Projeto de lei do PS que visa criar a Entidade para a Transparência no Exercício de Cargos Públicos será debatido hoje em reunião plenária na Assembleia da República. Presidente do Tribunal Constitucional alerta para eventual inconstitucionalidade.
4 Julho 2019, 07h44

Várias iniciativas legislativas enquadradas no denominado “pacote da transparência” serão hoje debatidas em reunião plenária na Assembleia da República, com destaque para o projeto de lei do PS que visa criar a Entidade para a Transparência no Exercício de Cargos Públicos (ETEFP). Na terça-feira, dia 2 de julho, o presidente do Tribunal Constitucional (TC), Manuel Costa Andrade, criticou essa iniciativa e alertou para a eventual inconstitucionalidade do diploma.

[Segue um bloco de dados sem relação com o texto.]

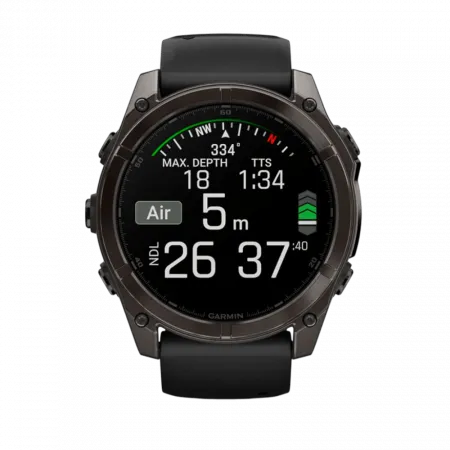 Смарт-годинник Garmin Fenix 8 51мм, AMOLED Sapphire, Carbon Grey DLC Titanium з Black/Pebble Grey чорним силіконовим ремінцем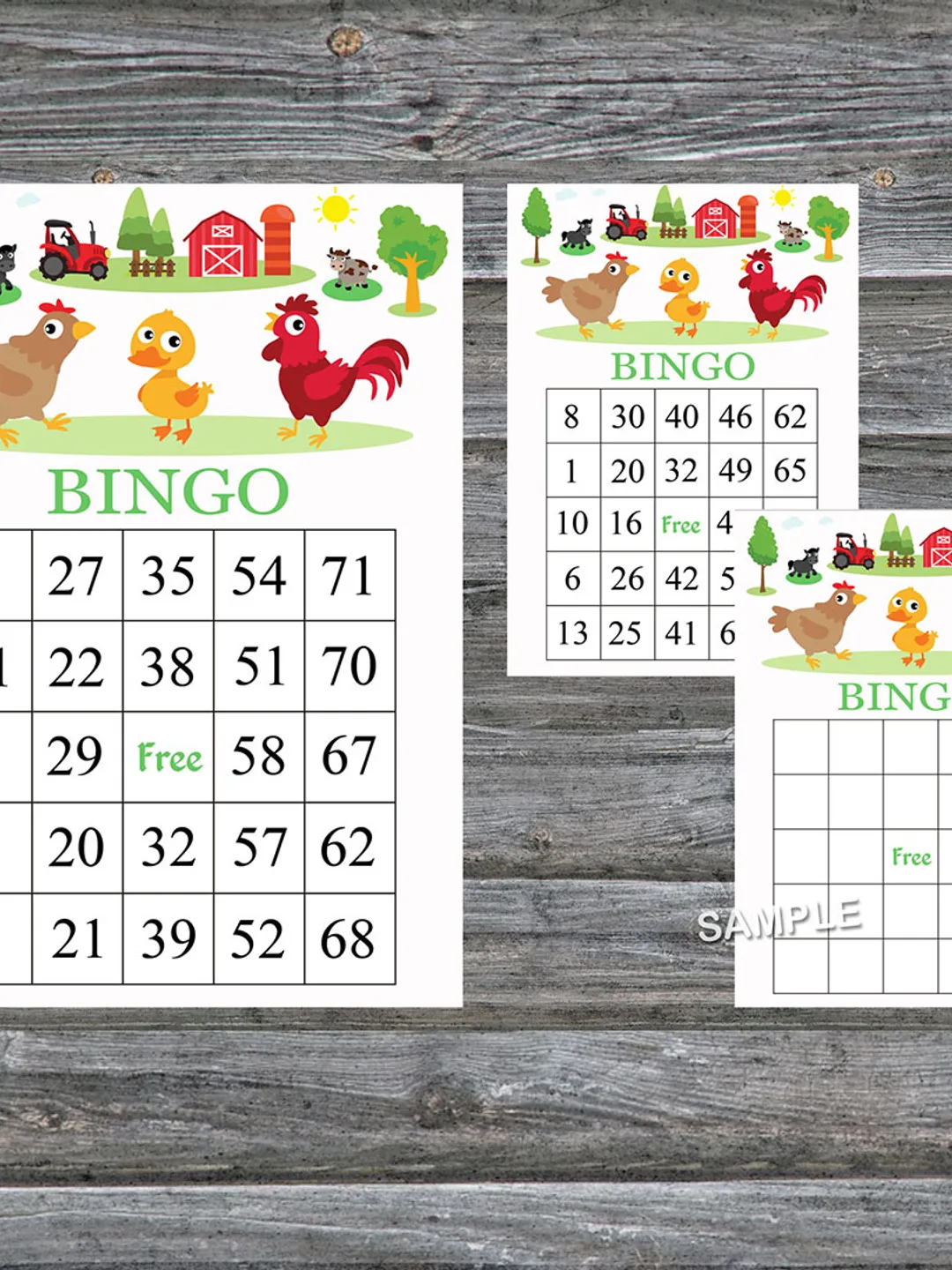 Chicken bingo cards,Farm animals bingo game,Barnyard printable bingo cards,60 Bingo Cards,INSTANT DOWNLOAD--188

“A Entidade para a Transparência no Exercício de Funções Públicas (…) é um órgão independente que funciona junto do Tribunal Constitucional e que tem como missão a apreciação e fiscalização das declarações de rendimento, património e interesses dos titulares de cargos políticos e altos cargos públicos, bem como a gestão da plataforma eletrónica necessária a sua entrega e publicitação”, determina-se no projeto de lei.

A proposta do PS atribui as seguintes competências à ETEFP:

a) “Proceder à análise e fiscalização da declaração única de rendimentos, património e interesses dos titulares de cargos políticos e altos cargos públicos;

b) Apreciar da regularidade formal das declarações e da observância do prazo de entrega;

c) Solicitar a clarificação do conteúdo das declarações aos declarantes no caso de dúvidas sugeridas pelo texto;

d) Organizar e publicitar, nos termos da lei, as declarações únicas de rendimentos, património e interesses dos titulares de cargos políticos e altos cargos públicos;

e) Comunicar às entidades que nos termos dos respetivos estatutos sejam responsáveis pela aplicação de sanções aos titulares de cargos políticos e altos cargos públicos, as infrações que considerem relevantes para efeitos da aplicação de sanções prevista na lei e que sejam detetadas a partir da análise das declarações de rendimentos, património e interesses, ouvidos os respetivos titulares, nos termos da lei;

f) Participar ao Ministério Público as suspeitas da prática de infrações criminais que resultem da análise das declarações de rendimentos, património e interesses, ouvidos os respetivos titulares;

g) Participar à Autoridade Tributária as suspeitas da prática de infrações fiscais que resultem da análise das declarações de rendimentos, património e interesses, ouvidos os respetivos titulares;

h) Facultar a consulta pública das declarações de interesses, de rendimento e de património dos titulares de cargos políticos e altos cargos públicos, nos termos da lei;

i) Apreciar e decidir sobre os pedidos de oposição à divulgação de elementos das declarações únicas;

j) Exercer as demais funções que lhe sejam cometidas por lei”.

 

Não há espaço no Palácio Ratton

Na terça-feira, o presidente do TC, Costa Andrade, e o vice-presidente, João Coupers, foram ouvidos durante quase duas horas e meia na Comissão Eventual para o Reforço da Transparência no Exercício de Funções Públicas sobre a nova entidade que, a ser aprovada, vai funcionar junto do TC, a exemplo do que já acontece com a Entidade das Contas e Financiamentos Públicos.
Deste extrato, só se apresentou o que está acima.